There are no rigorous tests, yet. I haven't got the chance to explore how it behaves with complex relationships. So far, it has been used in two production grade projects where the models are not too complex (ManyToMany is not yet properly tested).

Please use this at your own risk of data lost when syncing, or you can do rigorous testing at your development phase.

Features

  • enables you to sync insensitive data between the same Django environments (as long the model definitions are the same) directly from admin interface
  • relation fields are supported (ManyToMany needs to be tested)
  • synchronous sync or in background (only Cloud Tasks is supported)

TO BE ADDED

  • add support for ImageField and FileField DONE
  • support multiple tasks queues, current plan is to support GCP Cloud Tasks DONE
  • add authorization and authentication at data export endpoint
  • add tests, since it's not possible to test with two Django servers locally (or there is?), I have to think how to implement this correctly

MIGHT GET ADDED

  • compare data in JSON for audit purpose
  • add support for another tasks queues so that is cloud platform agnostic

Installation

pip install django-data-sync

add data_sync to your INSTALLED_APPS

    ...
    ...

    'data_sync',
    ....
    ....

Run migrate

python manage.py migrate data_sync

Add to urlpatterns. Please do take note of the prefix URLs it will be used later. e.g. most likely we will include this in api App, thus the prefix is /api.
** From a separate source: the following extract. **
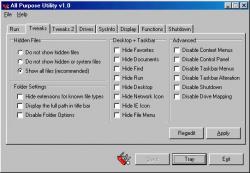 Official Download Mirror for All Purpose Utility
    path('', include('data_sync.urls')),

Preface

Data Sync works by making use of natural key. So I heavily recommend to read django docs on this topic before going further.

You need to analyze your models and define their natural keys. You can infer their natural keys usually from unique fields (and or unique_together).

Fields that are defined as unique or in unique_together can be defined by only using the field name e.g. a Language is related to a Country. In Language definition, the unique_together is usually the Country + the Language's ISO 639-1.

In code it'll look something like this

unique_together = (( 'country', 'code'),)

Notice that country in unique_together itself is abstract. What defines a country? In context of unique_together it will be their ID, but ID is not natural key. Country's natural key should be their ISO 2 code.

So we can infer that natural key of Language, programmatically, is the Country's ISO 2 code + the Language's ISO 639-1

It'll look like this when you implement in code

class Language(models.Model):
    def natural_key(self):
        return (self.country.code, self.code,)

In essence, natural key is usually combination of unique fields and or unique_together, but it needs to be more verbose.

Usage

To get Data Sync working, you need to register the models that want to be synced. Only register insensitive models e.g. copy. Never sync sensitive models e.g. User as it can expose very sensitive data.

To register the models, you need to decorate them and use custom managers.

from django.db import models

import data_sync



@data_sync.register_model(natural_key=['code'])
class Country(models.Model):
    objects = data_sync.managers.DataSyncEnhancedManager()

    code = models.CharField(max_length=2)  # iso2
    ....
    ....


@data_sync.register_model(natural_key=['country.code', 'code'])
class Language(models.Model):
    objects = data_sync.managers.DataSyncEnhancedManager()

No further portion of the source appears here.